State Law Rewards Profligate Charities

November 12, 2009 | Read Time: 3 minutes

To the Editor:

In my opinion, Susan N. Gary’s October 15 letter (“What It Means to Use Endowment Money Wisely”), designed to clarify the Uniform Institutional Management of Funds Act, known as UMIFA, and its successor, the Uniform Prudent Management of Institution Funds Act, or UPMIFA, needs much further clarification. It is true, as she says, that “in the 1960s, most people assumed that ‘income’ for an endowment meant trust accounting income. The trust accounting rules defined income as interest, dividends, rents, and royalties and assigned all capital gains to principal.
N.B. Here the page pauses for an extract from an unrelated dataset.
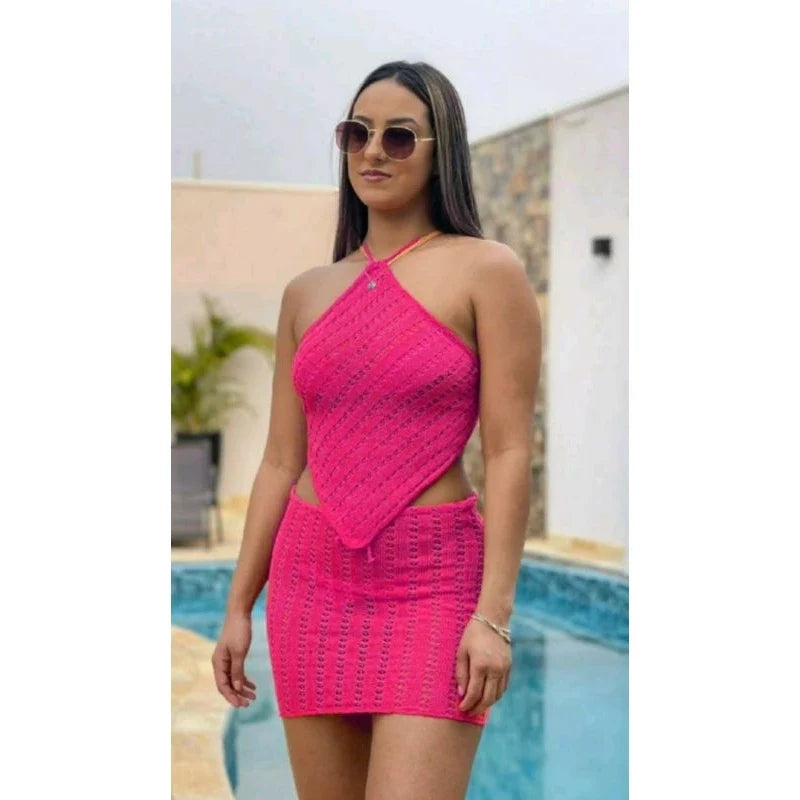 Conjunto Saída de Praia de Tricot Saia e Top Cropped de Tricot Tendência 2022 Moda Praia Verão Blogueira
An endowment that could only distribute ‘income’ might be tempted to invest primarily in bonds to generate interest.”

But any sophisticated investor knows it is not necessarily true that “a decision not to invest in stocks meant more income in the short term, but also meant that the value of the fund eroded over time.”

Many fortunes have been made by fixed-income investors.

UMIFA did, as UPMIFA would, authorize a charity to spend appreciation without limit, both realized and unrealized, but that could well be imprudent. If all appreciation were spent, the value of the fund would surely “erode over time.” Worse, consider the consequences if unrealized appreciation is spent, and the securities later incur losses.


I am not a big fan of historic dollar value, if only because most charities’ accounting systems cannot, and perhaps should not, keep accurate track of securities’ basis over long periods of time. But historic dollar value does have the virtue of attempting to preserve the value of the original gift, as the donor of an endowment no doubt intended. And it may help restrain the profligate charities that UPMIFA would reward for their profligacy by letting them spend corpus.

Ms. Gary is less than candid, in my opinion, in her statement, “When a donor says, ‘pay only the income,’ the donor has not clearly indicated what that means,” especially since the quote from her letter in the first paragraph of this letter perfectly expresses what my 50-plus years of law practice tells me. Donors know perfectly well what “endowment” and “income” mean. Most donors will not be aware that both UMIFA and UPMIFA redefine “endowment” not to mean what they think it means, and those donors that are aware will have to use lawyers, if they want to ensure that their intent is respected.

When The Chronicle talked about UPMIFA giving charities “wiggle room,” in its September 17 article, it was being kind. UPMIFA is a terrible statute, which is why the New York State Assembly’s Corporations Committee is drastically revising it. For but one further example, UMIFA said the governing board may delegate investment authority to, among others, independent investment advisers, investment counsel or managers, banks or trust companies. These are regulated professions. UPMIFA authorizes investment authority delegation to an “external agent,” not defined.

Want more Madoffs, more legal bills, more abuses of donor intent? Enact UPMIFA.

William Josephson
Fried, Frank, Harris, Shriver & Jacobson
New York


Mr. Josephson served as assistant attorney general-in-charge of the Charities Bureau at the New York State Law Department from 1999 to 2004.